> _Problem to solve_
In the records below, find the line with "McKay Lands Community" and the line with "Protective Cover) The". Print both exactly, along with every line between them, and no other line.

> _Data to use_
----------------------------------------

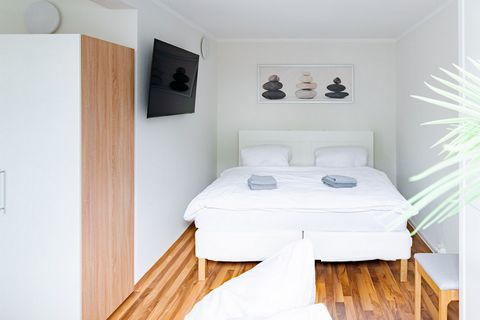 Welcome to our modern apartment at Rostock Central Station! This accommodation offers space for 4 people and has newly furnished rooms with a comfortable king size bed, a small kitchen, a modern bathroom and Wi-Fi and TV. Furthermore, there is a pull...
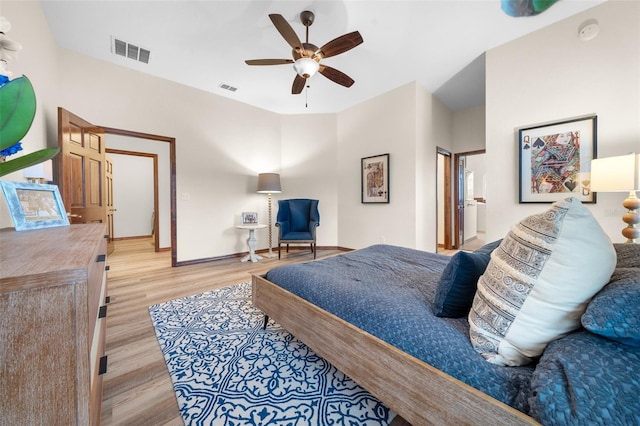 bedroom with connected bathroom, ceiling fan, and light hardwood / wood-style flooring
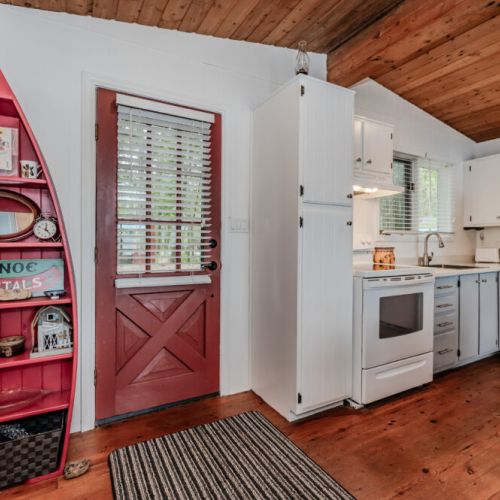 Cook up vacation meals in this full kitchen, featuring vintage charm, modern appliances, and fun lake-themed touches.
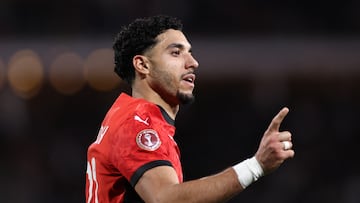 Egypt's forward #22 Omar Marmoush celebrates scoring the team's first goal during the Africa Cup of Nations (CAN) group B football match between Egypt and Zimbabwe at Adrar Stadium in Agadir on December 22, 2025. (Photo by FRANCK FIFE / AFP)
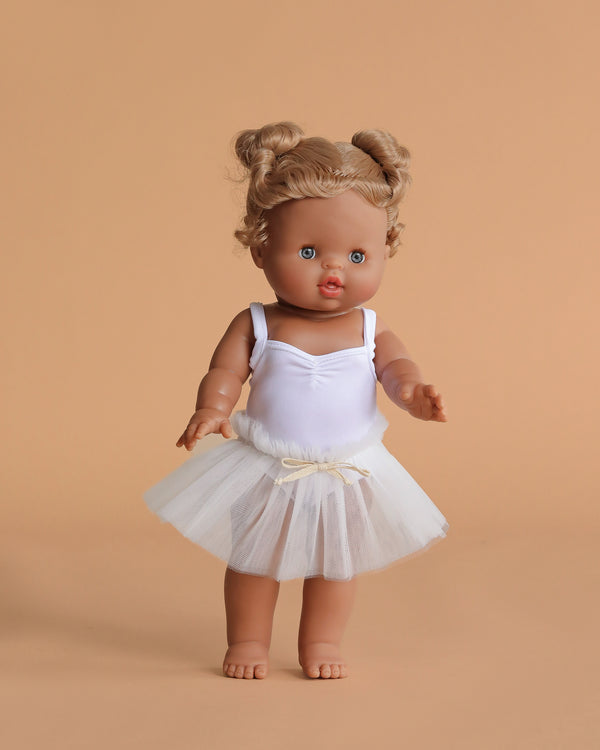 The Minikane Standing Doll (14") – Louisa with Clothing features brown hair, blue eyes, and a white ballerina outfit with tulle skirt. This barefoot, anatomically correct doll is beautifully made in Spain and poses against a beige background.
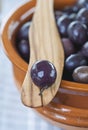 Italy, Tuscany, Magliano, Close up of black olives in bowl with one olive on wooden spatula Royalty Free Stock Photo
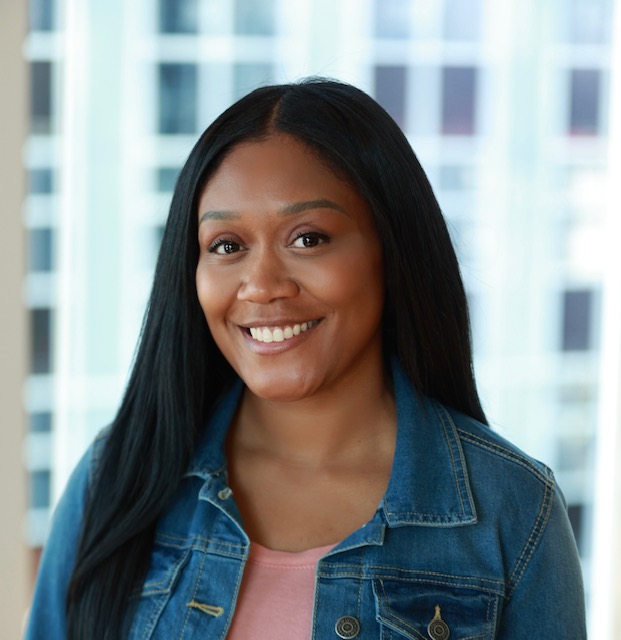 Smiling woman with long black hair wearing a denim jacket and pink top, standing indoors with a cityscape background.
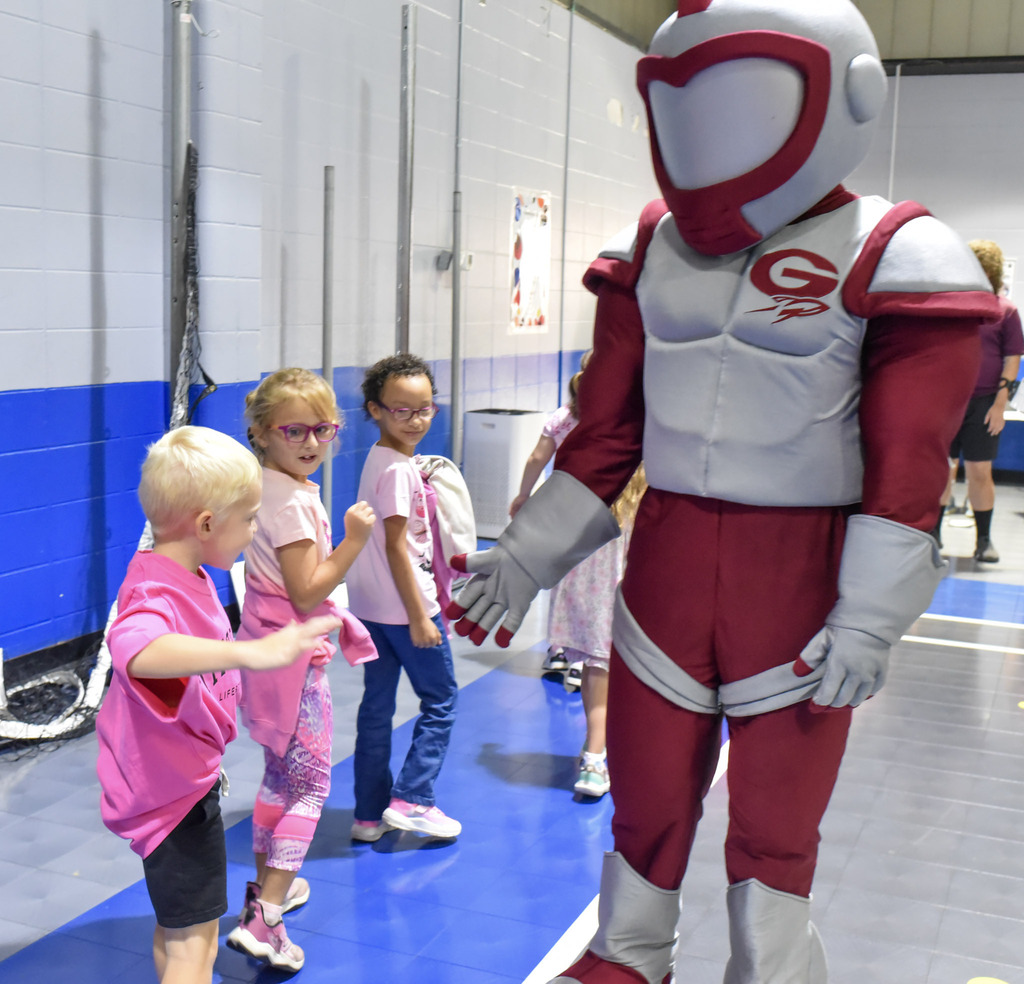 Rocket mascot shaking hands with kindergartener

----------------------------------------

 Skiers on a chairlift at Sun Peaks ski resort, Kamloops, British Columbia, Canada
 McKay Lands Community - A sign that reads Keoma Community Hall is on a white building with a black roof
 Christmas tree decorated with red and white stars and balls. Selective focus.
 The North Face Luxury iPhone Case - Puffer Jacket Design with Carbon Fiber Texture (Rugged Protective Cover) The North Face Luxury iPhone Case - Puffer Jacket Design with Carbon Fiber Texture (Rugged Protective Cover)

----------------------------------------

> _Solution for this problem_
 McKay Lands Community - A sign that reads Keoma Community Hall is on a white building with a black roof
 Christmas tree decorated with red and white stars and balls. Selective focus.
 The North Face Luxury iPhone Case - Puffer Jacket Design with Carbon Fiber Texture (Rugged Protective Cover) The North Face Luxury iPhone Case - Puffer Jacket Design with Carbon Fiber Texture (Rugged Protective Cover)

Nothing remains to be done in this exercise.